La Corte costituzionale sottolinea che a nulla rileva, al fine di trarre conclusioni diverse, la sinora isolata pronuncia della Corte di cassazione n. 2997 del 2018, secondo cui la convalida delle misure di cui all’art. 14, comma 1-bis, t.u. immigrazione dovrebbe svolgersi in udienza, atteso che tale affermazione non è specificamente motivata, né supportata dal dato testuale della disposizione in parola.

In conclusione, la Corte costituzionale afferma che “la più limitata incidenza sulla libertà personale della misura qui all’esame induce a ritenere – sulla scorta della citata sentenza n. 144 del 1997 – non incompatibile con l’artt. 13 Cost. e art. 24 Cost., comma 2, il procedimento disegnato dalla disposizione censurata, che prevede un contraddittorio meramente eventuale e cartolare. Ciò anche in ragione del delimitato oggetto del giudizio di convalida, ove il giudice di pace è chiamato a verificare unicamente la sussistenza dei presupposti di adozione della misura e l’esistenza di un provvedimento di espulsione dotato di efficacia esecutiva, con il solo limite già rammentato dell’eventuale “manifesta illegittimità” di quest’ultimo e dell’eventuale sussistenza di ragioni ostative all’espulsione”.

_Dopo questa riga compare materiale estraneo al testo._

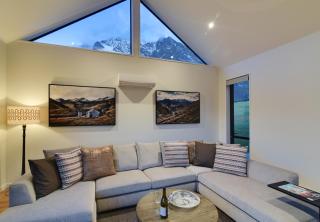 4 Stockyard Lane by Sotheby's Luxury Rental Homes - Queenstown - 6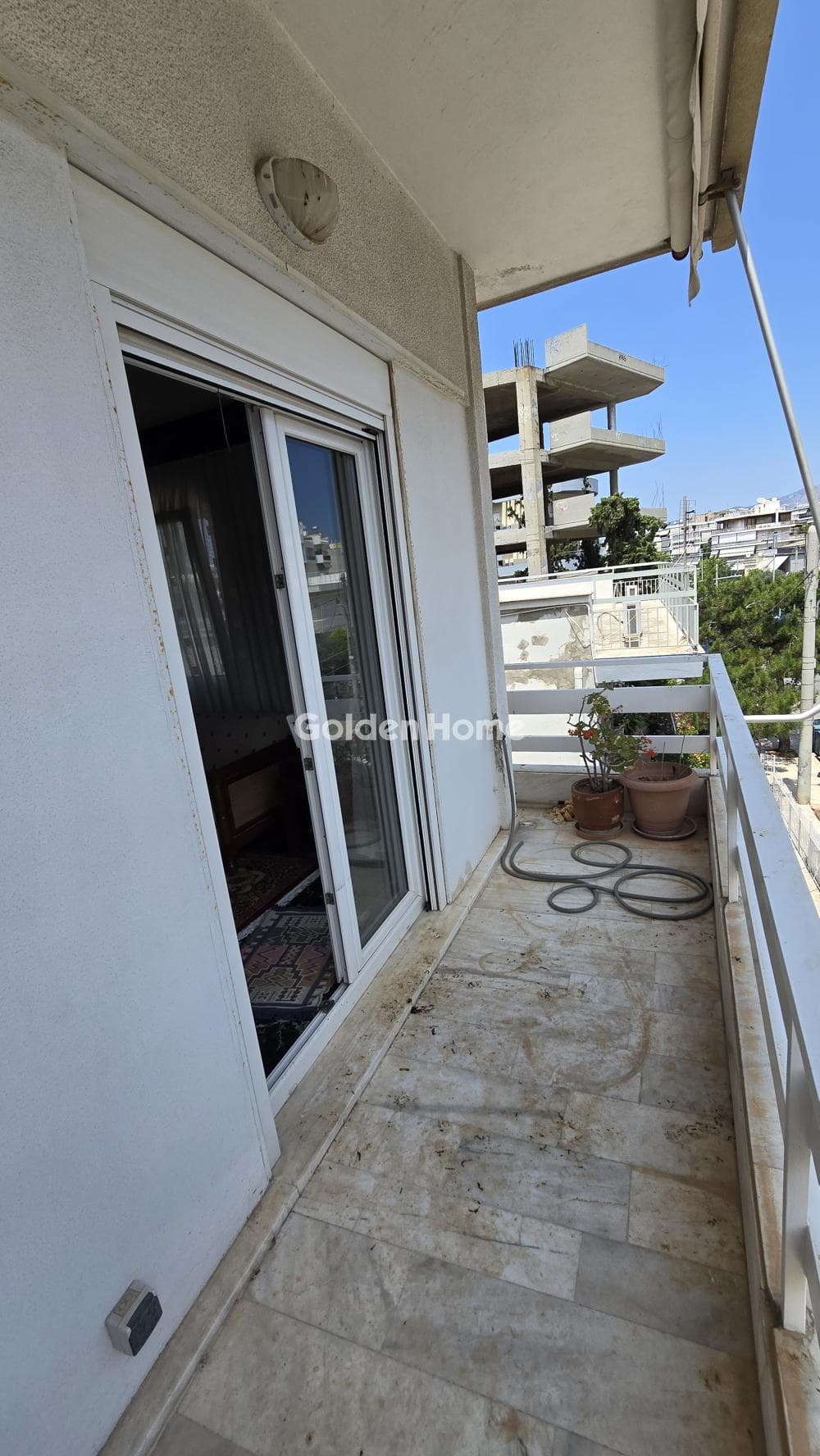 Διαμέρισμα στην Άνω Χολαργός, Χολαργός — Φωτογραφία 10 από 22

La censura del ricorrente è dunque infondata, poiché la convalida delle misure disposte dal Questore con provvedimento adottato senza la partecipazione all’udienza del ricorrente e del suo difensore, non integra una violazione del diritto di difesa dello straniero, non sussistendo per lui alcun diritto all’udienza e a un contraddittorio diverso da quello cartolare previsto espressamente dalla legge.

Il ricorrente deve essere condannato a rimborsare al Ministero dell’Interno le spese processuali da queste anticipate nel giudizio di cassazione nella misura indicata in dispositivo.

P.Q.M.

La Corte rigetta il ricorso e condanna il ricorrente a rimborsare al controricorrente le spese da queste anticipate, liquidate in Euro 2.100,00, oltre spese prenotate a debito.

Così deciso in Roma, nella Camera di consiglio della Prima Sezione Civile, il 11 settembre 2020.